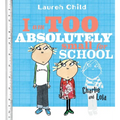 I Am Too Absolutely Small for School - Paperback
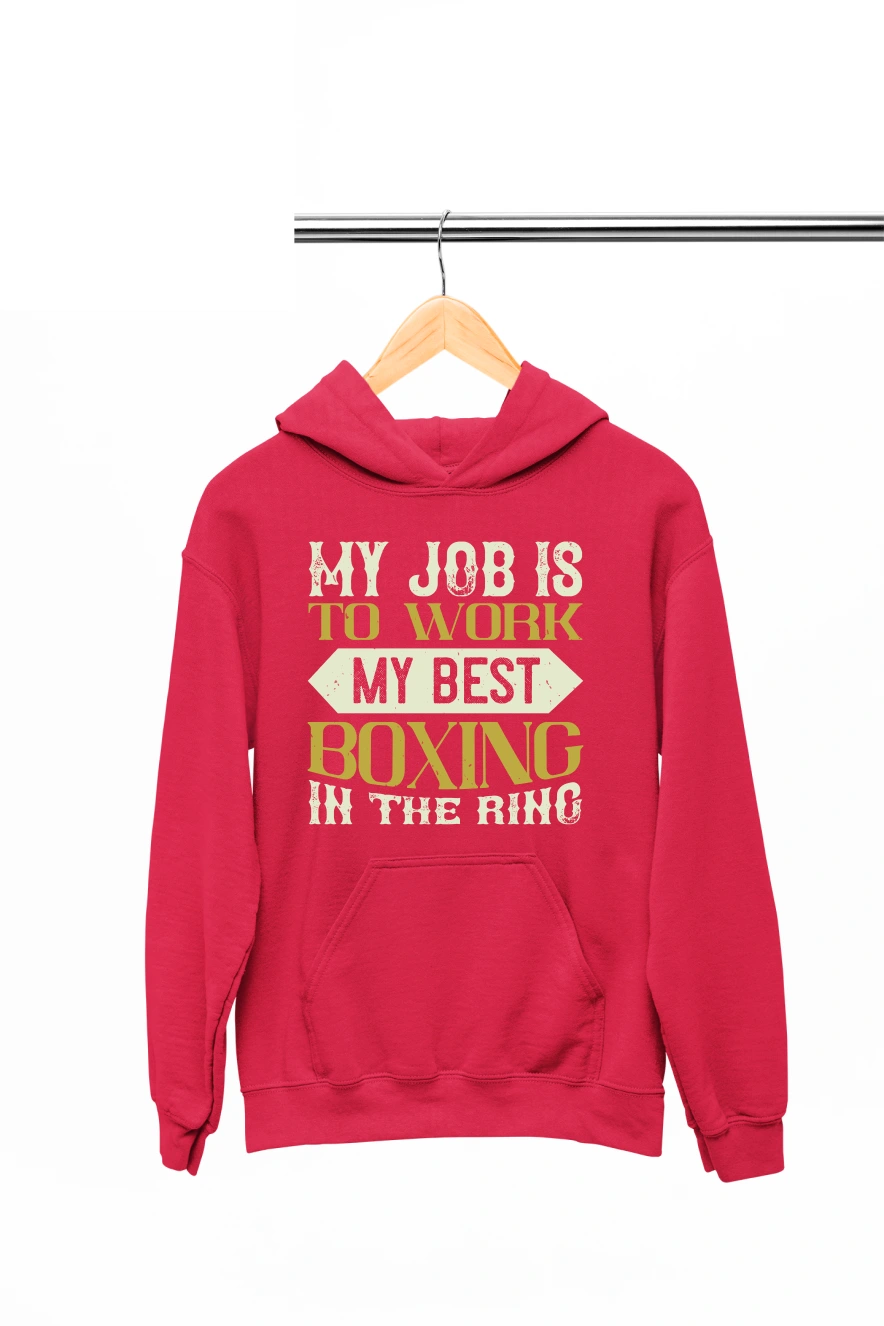 My Job is to Work my Best Boxing in the Ring Hoodie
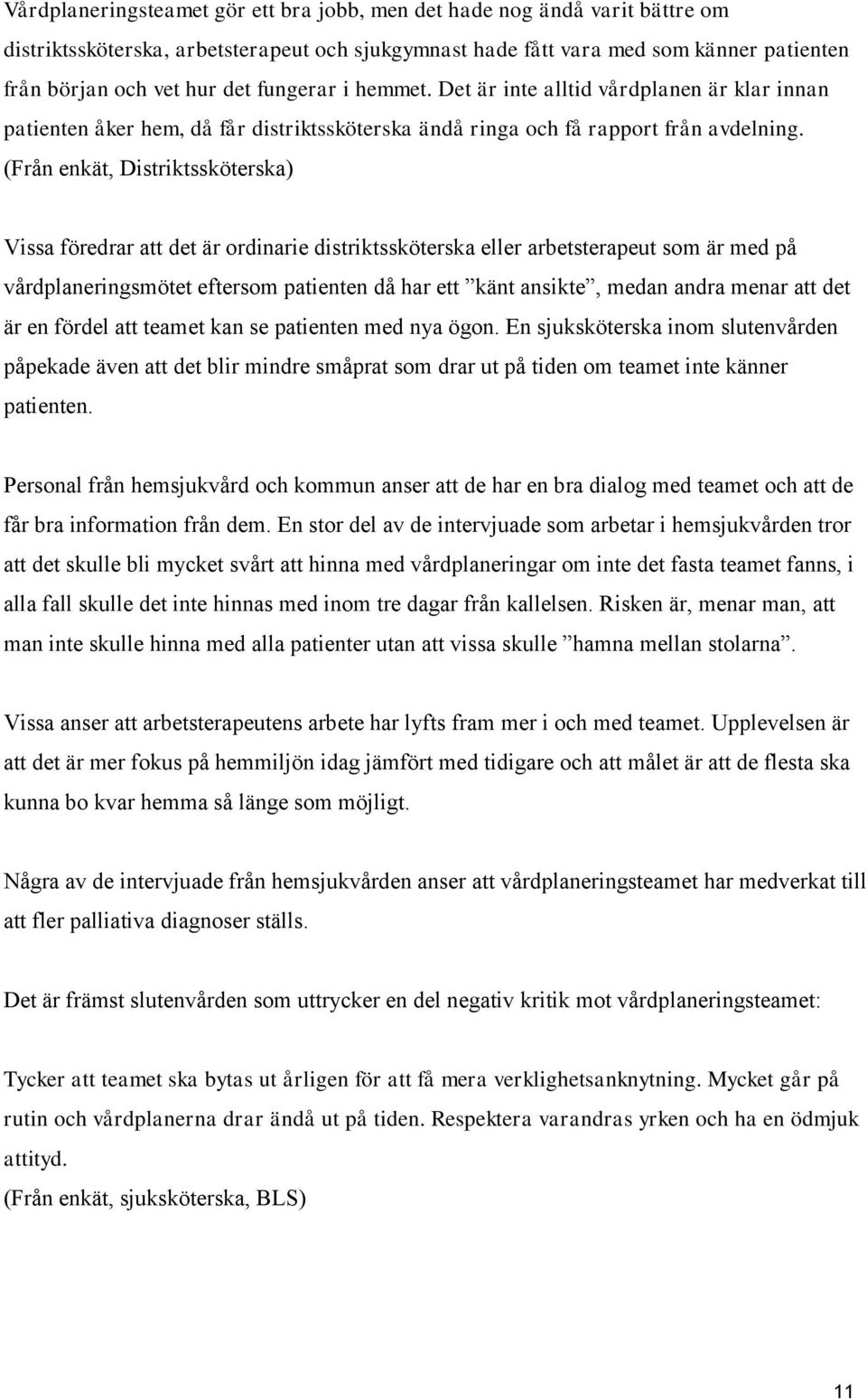 (Från enkät, Distriktssköterska) Vissa föredrar att det är ordinarie distriktssköterska eller arbetsterapeut som är med på vårdplaneringsmötet eftersom patienten då har ett känt ansikte, medan andra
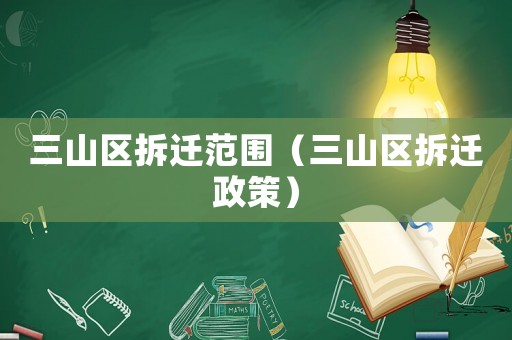 三山區拆遷范圍（三山區拆遷政策）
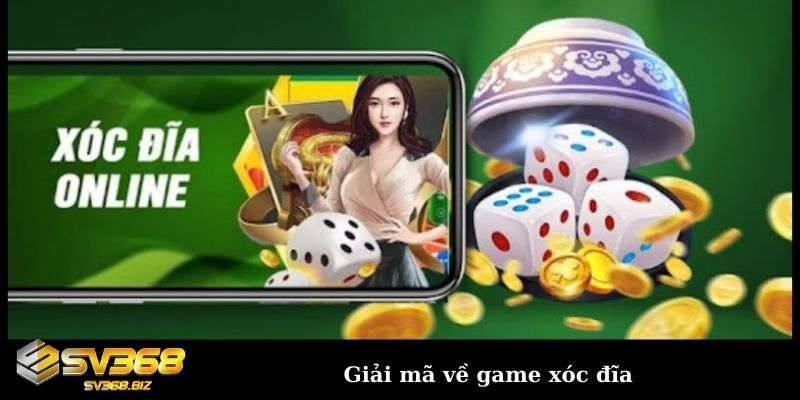 Xóc đĩa đổi thưởng online – Vận may trao tay mọi cược thủ 2 Giải mã về game xóc đĩa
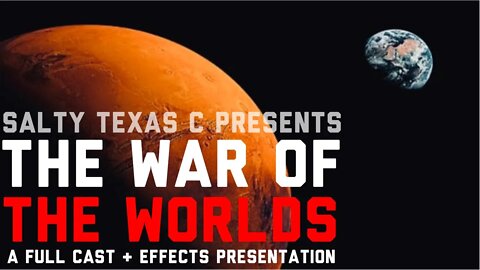 THE WAR OF THE WORLDS: The Salty Texas C cut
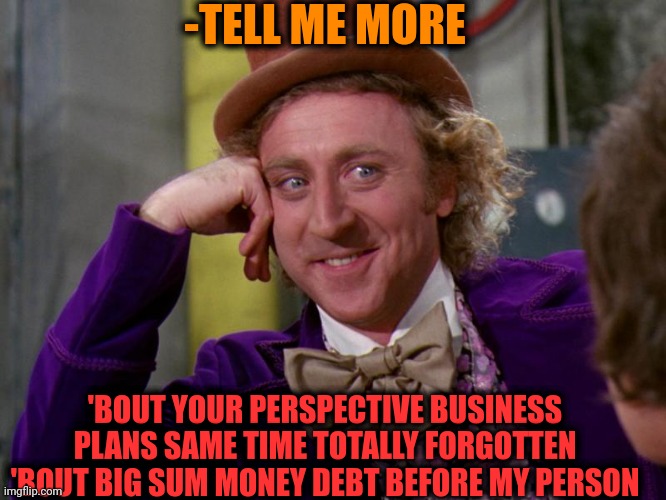 -Or you're playing a fool? | -TELL ME MORE; 'BOUT YOUR PERSPECTIVE BUSINESS PLANS SAME TIME TOTALLY FORGOTTEN 'BOUT BIG SUM MONEY DEBT BEFORE MY PERSON | image tagged in charlie-chocolate-factory,national debt,perspective,monkey business,tell me more,i think i forgot something | made w/ Imgflip meme maker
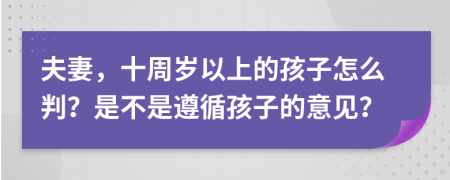 夫妻，十周岁以上的孩子怎么判？是不是遵循孩子的意见？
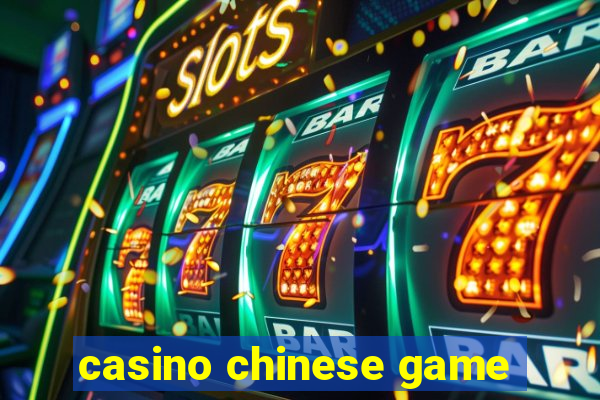 casino chinese game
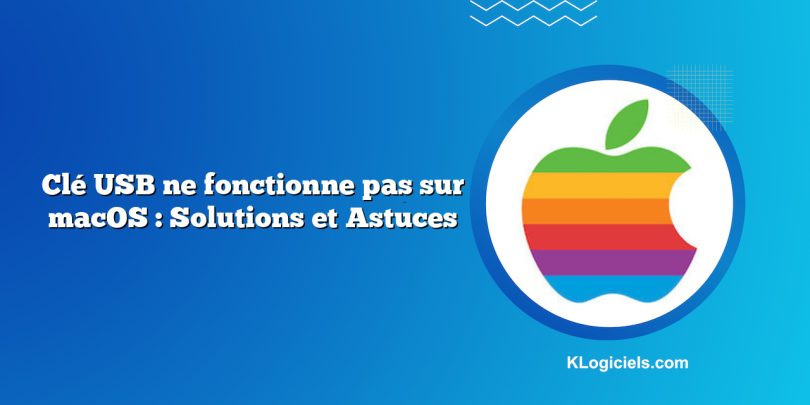 Clé USB ne fonctionne pas sur macOS : Solutions et Astuces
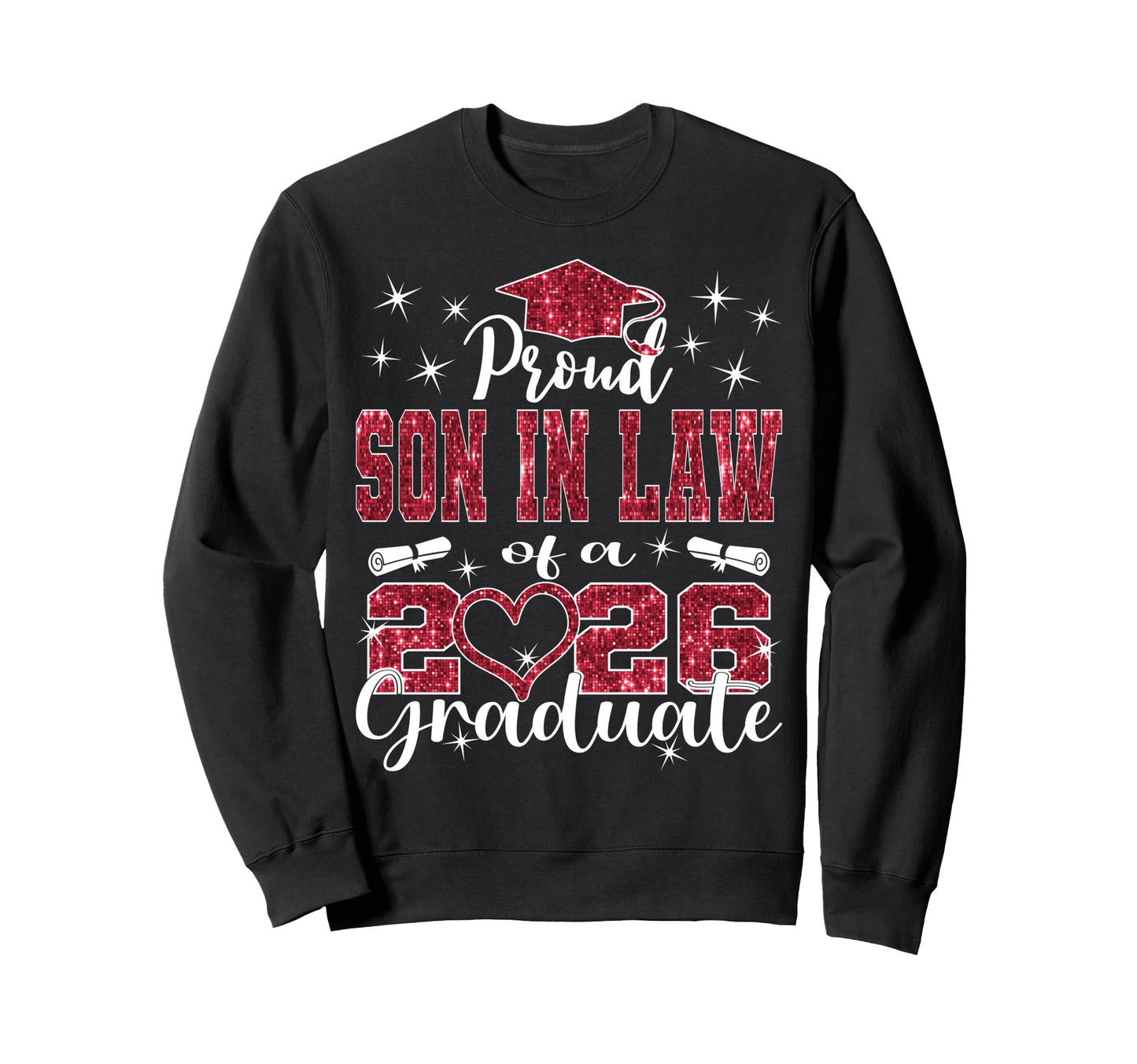 Super Proud Son Law 2026 Graduate Sweatshirt - Streetwear Style for Adults - T-Shirt, Sweatshirt, Hoodie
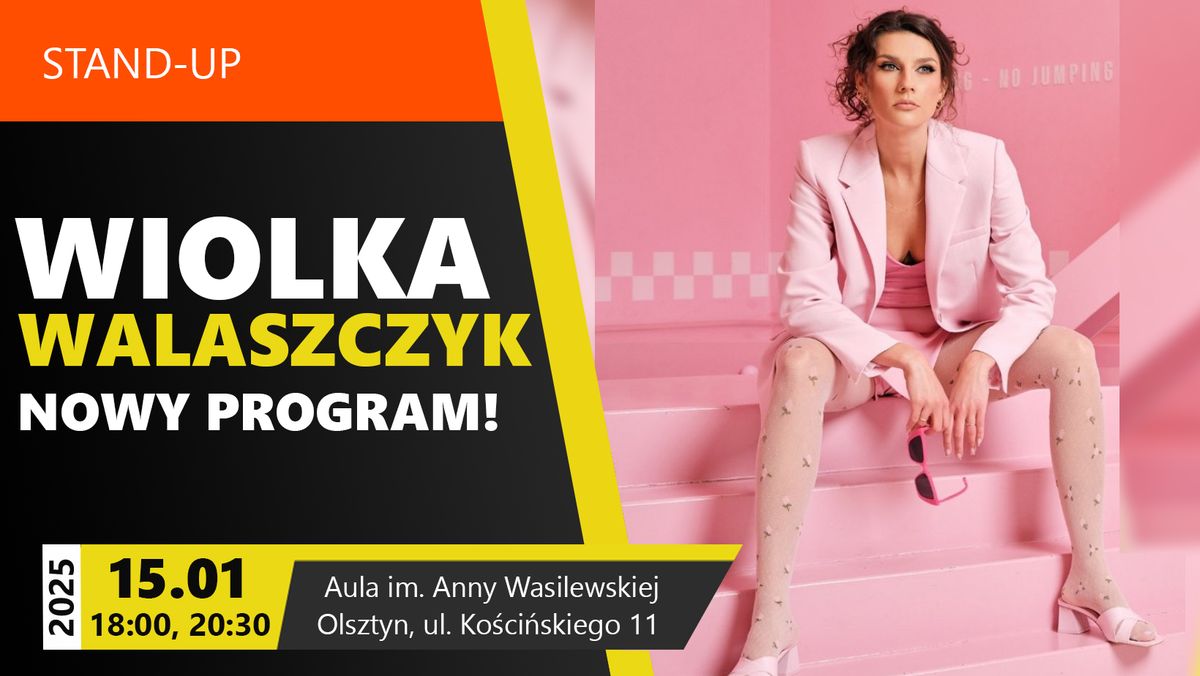 OLSZTYN | WIOLKA WALASZCZYK | STAND-UP | AULA ANNY WASILEWSKIEJ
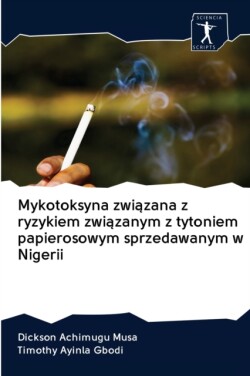 Mykotoksyna związana z ryzykiem związanym z tytoniem papierosowym sprzedawanym w Nigerii
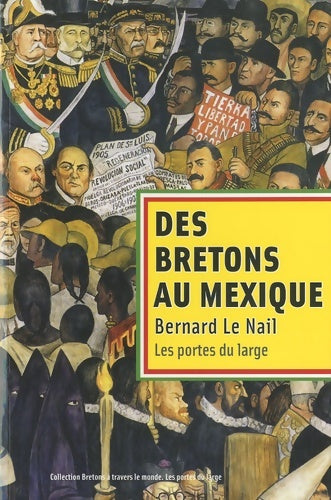 Livrenpoche : Des bretons au Mexique - Bernard Le Nail - Livre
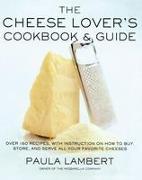 The Cheese Lover's Cookbook and Guide: Over 100 Recipes, with Instructions on How to Buy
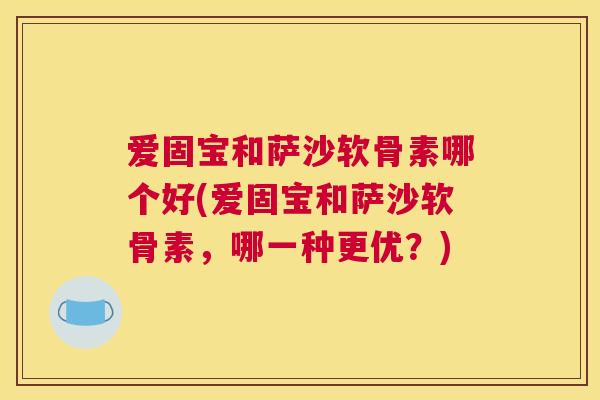 爱固宝和萨沙软骨素哪个好(爱固宝和萨沙软骨素,哪一种更优?) 爱固宝和萨沙软骨素哪个好(爱固宝和萨沙软骨素,哪一种更优?)
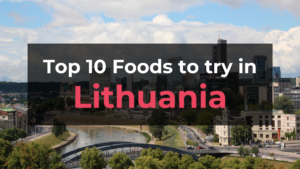Read more about the article Top 10 Foods in Lithuania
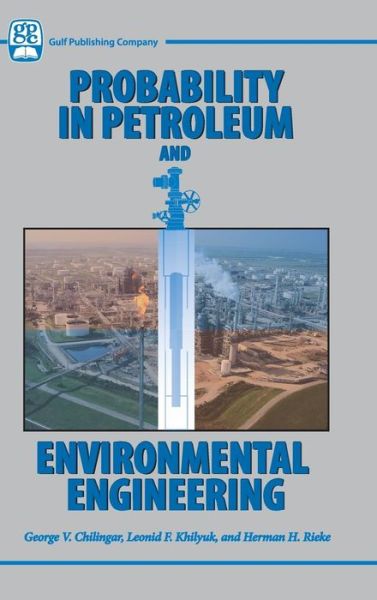 Cover for Chilingar, George V (Professor of Petroleum Engineering&lt;br&gt;University of Southern California, Los Angeles, Calif  (U.S.A.)) · Probability in Petroleum and Environmental Engineering (Hardcover Book) (2005)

● ● ● ● ● ● ●

_Assignment_
The answer is those lines of the material above that run from the one containing "Super Proud Son" up to and including the one containing "Mykotoksyna związana z", restated exactly and without images.

_Reply_
 Super Proud Son Law 2026 Graduate Sweatshirt - Streetwear Style for Adults - T-Shirt, Sweatshirt, Hoodie
 OLSZTYN | WIOLKA WALASZCZYK | STAND-UP | AULA ANNY WASILEWSKIEJ
 Mykotoksyna związana z ryzykiem związanym z tytoniem papierosowym sprzedawanym w Nigerii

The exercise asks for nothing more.